Aboliu privilégios, impôs ao Estado uma organização liberal, extinguiu
impostos, protegeu o povo contra a prepotência dos nobres. No entanto terminou
a existência de modo trágico. Esse mesmo povo pelo qual tanto havia lutado resolveu,
de repente, trucidá-Io em plena rua...
Um ditador em cujas
veias, como Napoleão, corria o cálido sangue latino: Mussolini. Este declarou
uma vez a Emil Ludwig que "cada homem morre da morte que corresponde ao
seu caráter". Pelo menos no seu caso a afirmativa foi verdadeira. O Duce, que tinha um temperamento
teatral, gostando de impressionar o povo com gestos dramáticos, morreu tragicamente.
Ao tentar fugir para a Suíça, em companhia da amante, viu-se detido pelos partigianos
e fuzilado. Seu corpo, em seguida, dependurado pelo pés, tornou-se o centro de
um espetáculo ignóbil. A populaça, animalizada pela vingança, cuspia no seu
cadáver e o apedrejava.
Conta Gennaro Vaccaro
que certa feita Mussolini, achando-se a descansar em sua residência do Lago de
Garda, perguntou a um ministro:
-Que dirão de mim
quando eu morrer?
-Oh, indubitavelmente a
saudade será mundial, embora os seus inimigos sejam numerosos.
-Nada disto - retrucou
o Duce - dirão somente: até que
enfim estamos livres!
O italiano não precisou
de um poeta da envergadura de Victor Hugo para proclamar, após a sua morte, o
alívio do planeta. Ele mesmo soube exprimir, em vida, o sentimento da
humanidade a seu respeito...
Emil Ludwig, aliás, em
1939, profetizou no livro Vier
Diktatoren:
“O futuro de Mussolini
está em suas próprias mãos. Se ele se lançar na aventura do seu imitador (Hitler),
perecerá, no fim, junto com ele. Se ficar afastado tornará evidente o quanto
lhe foi superior em prudência política".
Júlio César, o maior
ídolo do chefe da Marcha sobre Roma, o homem da História que ele mais venerava,
apesar de ter sido um tirano esclarecido, tombou golpeado pelo punhal de Bruto.
César Bórgia, o modelo
que inspirou a Maquiavel o seu célebre livro O Príncipe era um ditador de muito menor gênio político. Morreu
trucidado numa escaramuça, ficando com o corpo crivado de vinte e duas
punhaladas.
Não pense o leitor que
após tantos exemplos termina aqui a evocação dos ditadores cujas existências
aventurosas tiveram epílogo desonroso.
Chandragupta, ditador
da Índia, pereceu de fome. Primo de Rivera, caudilho espanhol, experimentou as
agruras do exílio. Abdul-Hamid, o sultão vermelho que muito contribuiu com a
sua crueldade e desmandos para a decadência do Império Otomano, foi destronado
e exonerado de todos os seus privilégios, morrendo obscuramente no desterro. O
Marquês de Pombal, que exerceu sobre o espírito de D. José I a mais forte
ascendência, quando este morreu, foi demitido do seu cargo de ministro e
processado por D. Maria I. Em 1781, um decreto real fê-lo morar cerca de vinte
léguas do paço, humilhação pesada em demasia para o seu caráter excessivamente
orgulhoso. Maximiliano I, do México, quis tornar-se o senhor indiscutível de um
grande império. Terrminou sendo julgado por um conselho de guerra e fuzilado.

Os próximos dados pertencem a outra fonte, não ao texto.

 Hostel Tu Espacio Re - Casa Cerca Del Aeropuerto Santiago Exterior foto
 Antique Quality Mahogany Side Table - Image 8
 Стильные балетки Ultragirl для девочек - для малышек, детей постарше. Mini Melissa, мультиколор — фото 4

Juan Rosas governou só pelo terror, causando a morte de mais de vinte mil
pessoas. Ao ver-se derrotado em Monte Caseros pelas forças coligadas do Brasil,
Uruguai e Argentina, fugiu acovardado para a Inglaterra, onde viveu no abandono
e na adversidade. Sobre o seu fim inglório escreveu o capitão Francisco de
Oliveira, do Segundo Regimento de Infantaria, sob o comando de Osório:
“Eras tigre sanhudo, um leão
que tudo quanto vias devoravas,
eras zorro manhoso que zombavas
do mais farejador, ligeiro cão.
Hoje és lerdo matungo, vil sendeiro,
novilho boi de carro, estropeado,
e em vez de leão, manso cordeiro.”
Ah, se os ditadores pudessem
desvendar os arcanos do futuro! Se fossem videntes renunciariam, com toda
certeza, aos seus doidos sonhos de mandonismo!

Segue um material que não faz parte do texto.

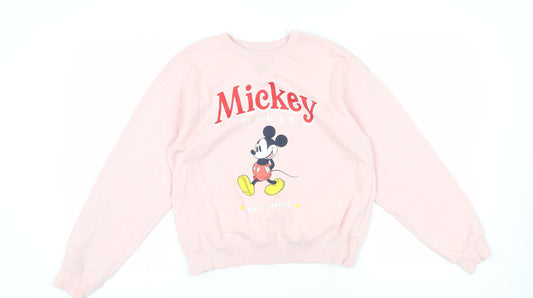 H&M Pink Mickey Mouse Graphic Sweatshirt XS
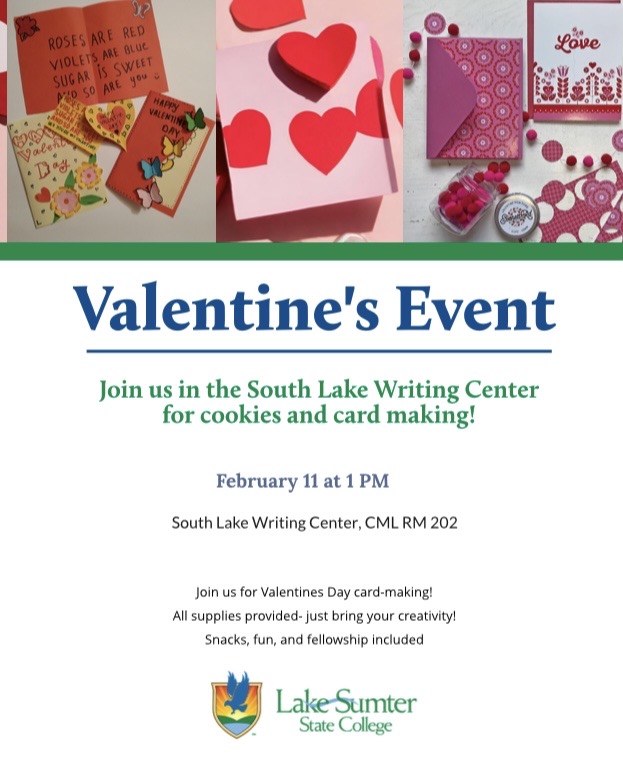 Flyer for the Valentine's Day event (Courtesy of Lake-Sumter State College)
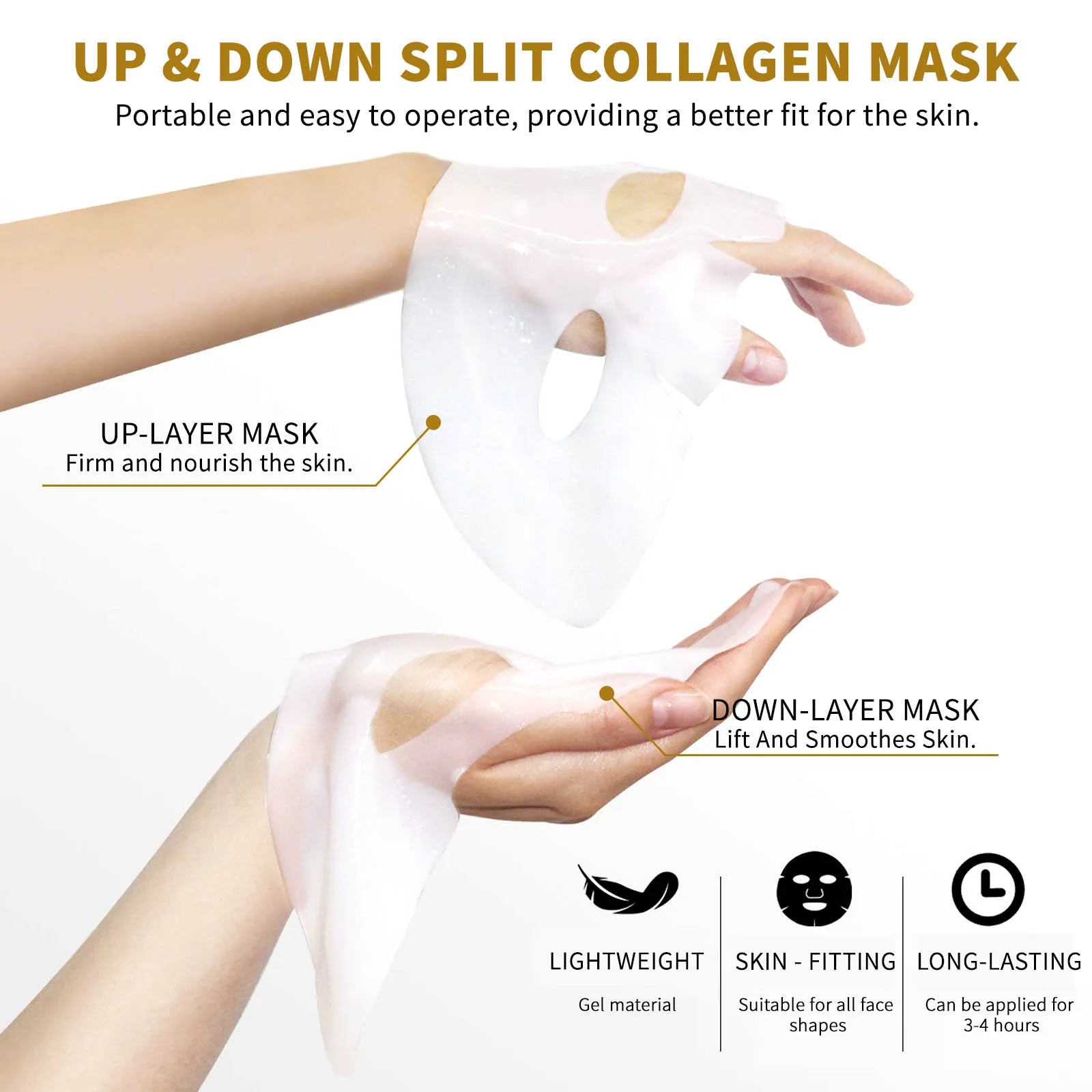 Kollagen Ansiktsmask för Natten – Anti-Aging & Återfuktande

A única ditadura que um homem livre deve
aceitar, de bom grado, é a do Espírito. Em vez do cesarismo de um Hitler e de
um Mussolini só podemos acatar a autoridade de um Göethe e de um Dante. O
domínio dos primeiros foi efêmero, por ter sido material. O domínio dos
segundos é eterno, por ser espiritual.
Um comentário:
Não há melhor definição: "A única ditadura que um homem livre deve aceitar, de bom grado, é a do Espírito" Meus parabéns pelo excelente artigo.